Ikoma-Loïs Openda (born 16 February 2000) is a Belgian professional footballer who plays as a striker for Ligue 1 club Lens and the Belgium national team.

Club career
Openda played as a youth for Patro Othee FC and RFC Liège before joining the youth academy of Standard Liège. In 2015, he moved to the academy of Club Brugge, where he made his senior debut on 10 August 2018 in the Belgian Pro League against Kortrijk. Openda replaced Jelle Vossen after 80 minutes.

On 21 July 2020, Openda joined Dutch Eredivisie club Vitesse on a season-long loan deal. He scored his first goal for the club on 3 October, in a 3–0 win over Heracles Almelo. Vitesse reached the final of the KNVB Cup, but lost 1–2 to Ajax. Openda scored the only goal for the Arnhem-based team. In June 2021, Openda rejoined Vitesse on loan for another season.

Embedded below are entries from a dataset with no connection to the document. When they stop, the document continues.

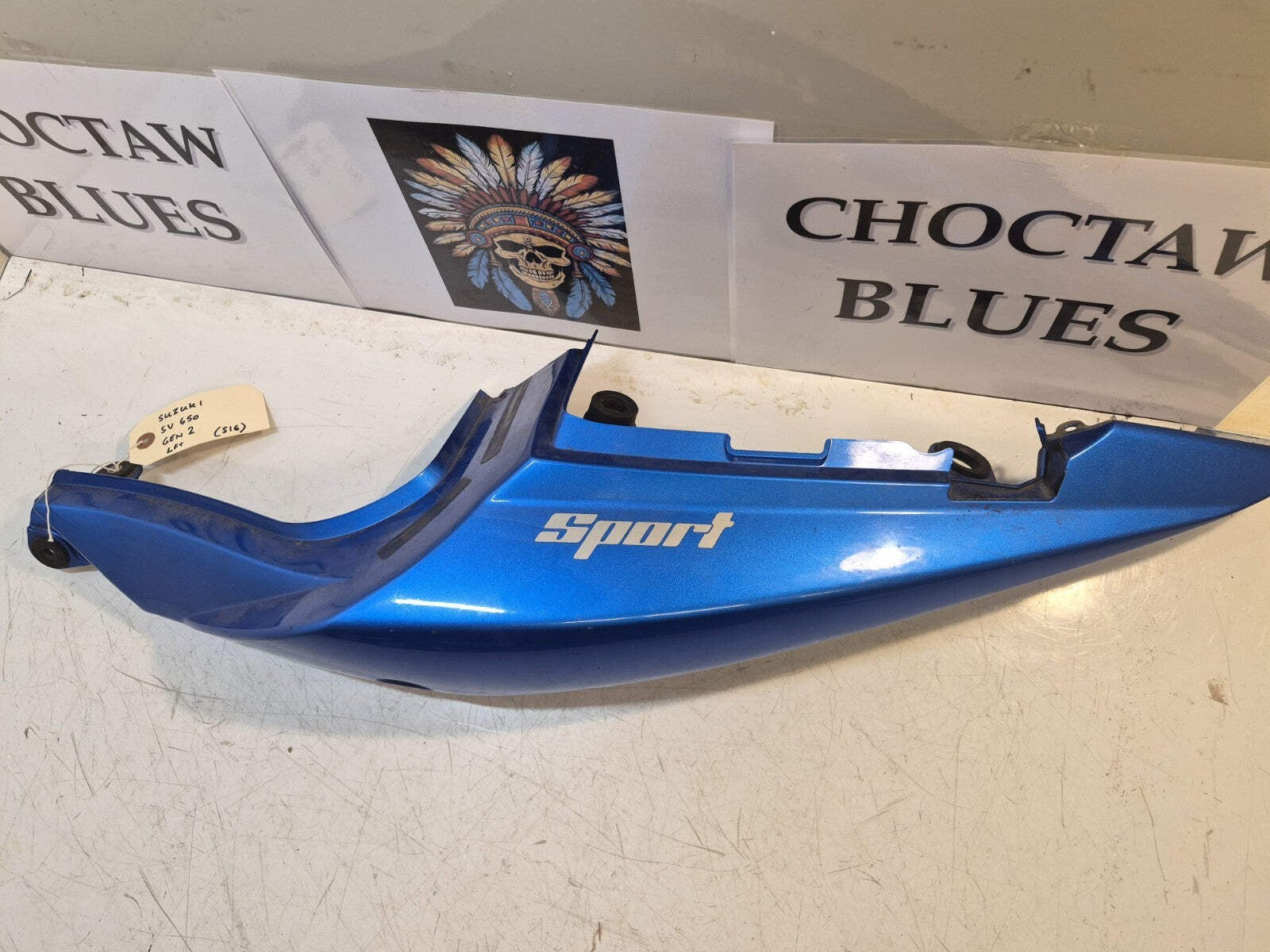 Suzuki SV 650 Gen 2 Fairing, Rear, Left-hand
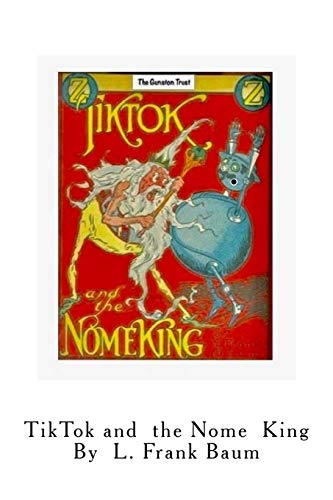 TikTok and the Nome King book cover
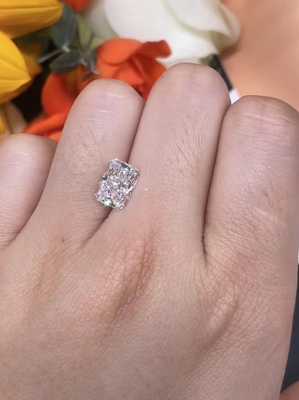 Ingrosso CVD Laboratorio Cresciuto Diamante Radiante Forma IGI Certificato 1ct F VVS2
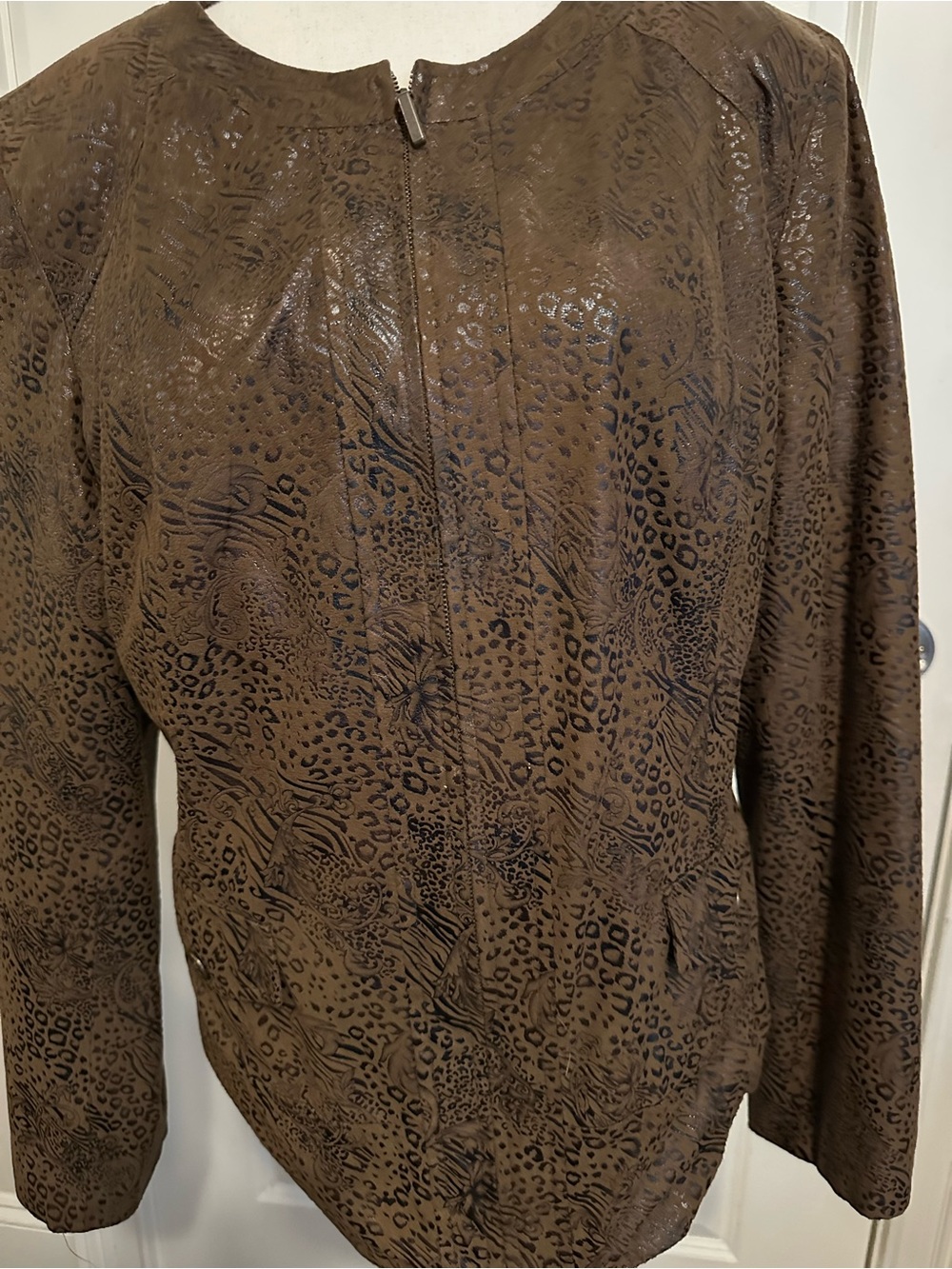 Elementz Brown Lined Jacket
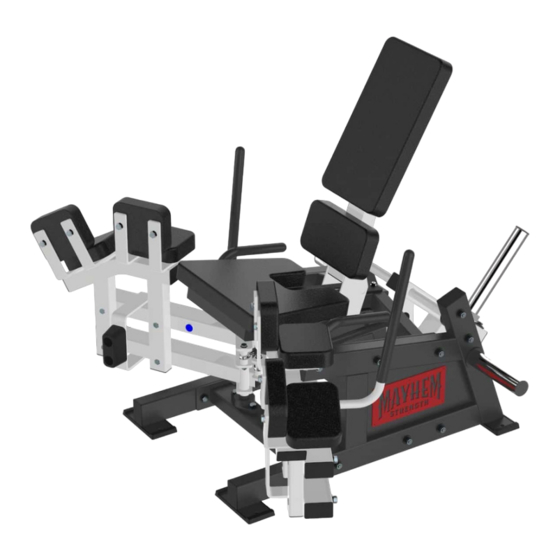 MAYHEM STRENGTH Adductor Assembly Instructions Manual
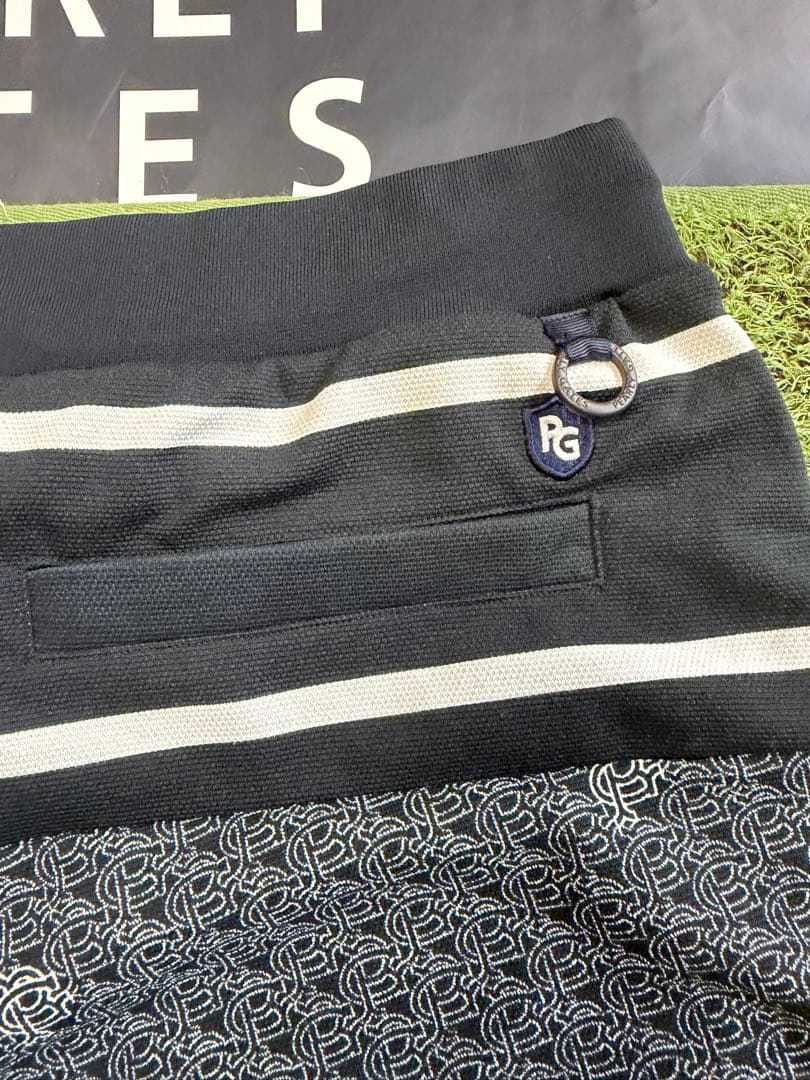 ¥30,800【PG/6】パーリーゲイツ モノグラムハーフパンツショートパンツ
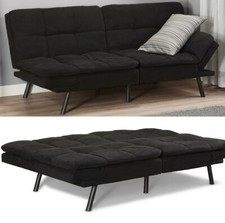 Memory Foam Futon Sleeper Sofa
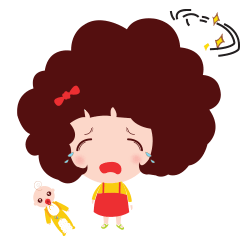 [LINEスタンプ] infant care mom icon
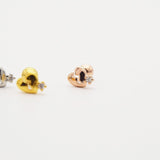 [サージカルスチール]ブロークンボリュームハートピアッシング Piercing 10000won 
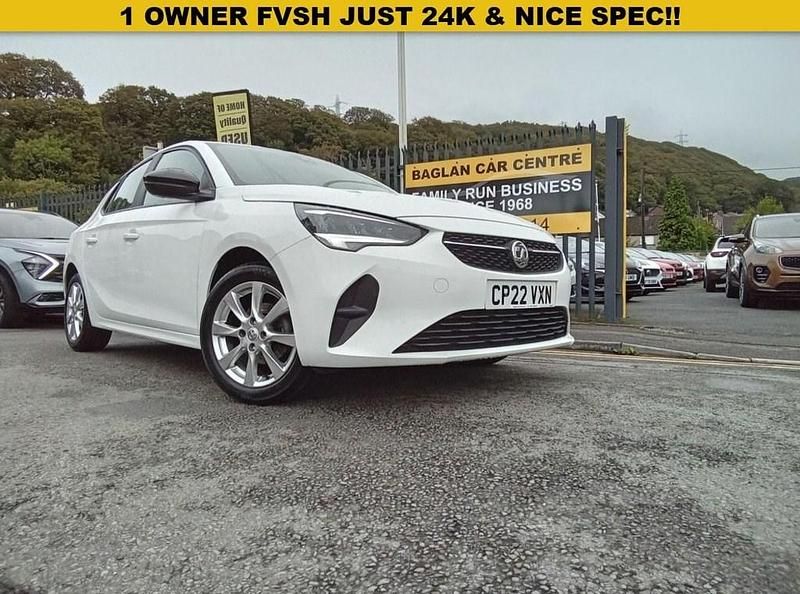 White Used 2022 Vauxhall Corsa Edition Hatchback | £11,495 (Fair price) - Image 1/4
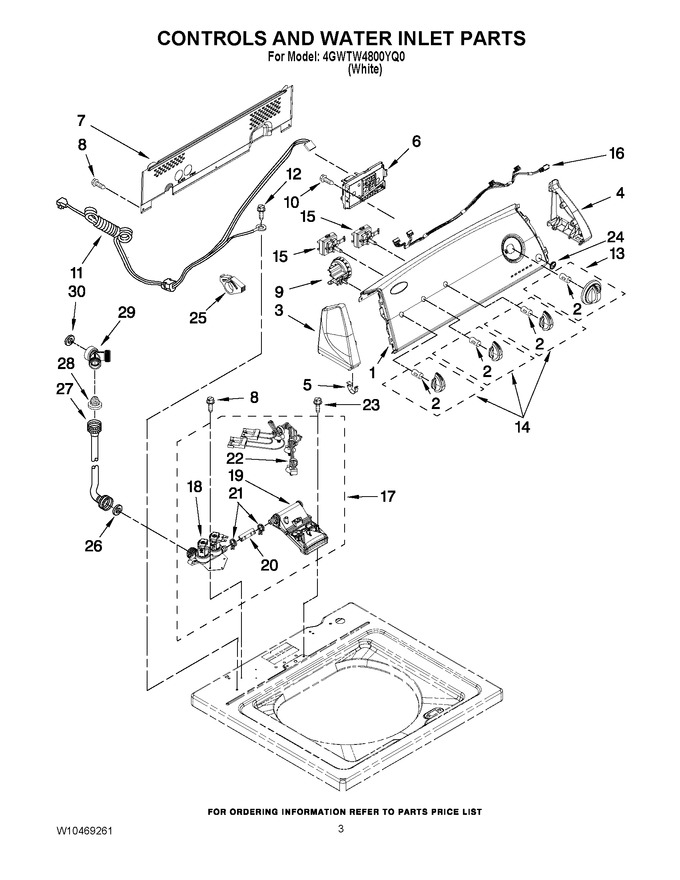 Diagram for 4GWTW4800YQ0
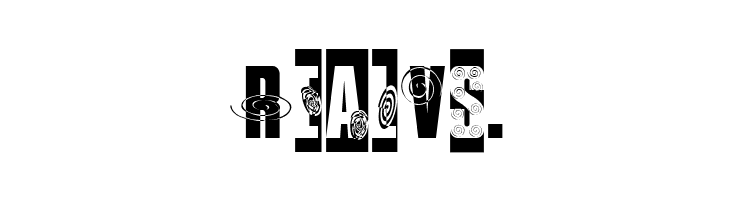 I SEE SPIRALS EVERYWHERE  Free Fonts Download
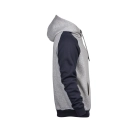 Sweat Capuche Bicolore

On 6 July 2022, Lens announced the signing of Openda on a five year deal from Club Brugge. The striker scored his first goal against Inter Milan in a friendly game on 22 July 2022. On 28 October, he scored his first hat-trick for Lens in a 3–0 win over Toulouse. After eight matches without scoring, on 12 March 2023, he scored the fastest hat-trick in Ligue 1 within four minutes and 30 seconds in a 4–0 away win over Clermont Foot, beating previous record of Matt Moussilou.

International career
On 18 May 2022, Openda was named to the squad for the four 2022–23 UEFA Nations League matches on 3, 8, 10 and 13 June 2022 against Netherlands, Poland (twice) and Wales respectively.
He played again against Wales in the UEFA Nations League on 13 September 2022. 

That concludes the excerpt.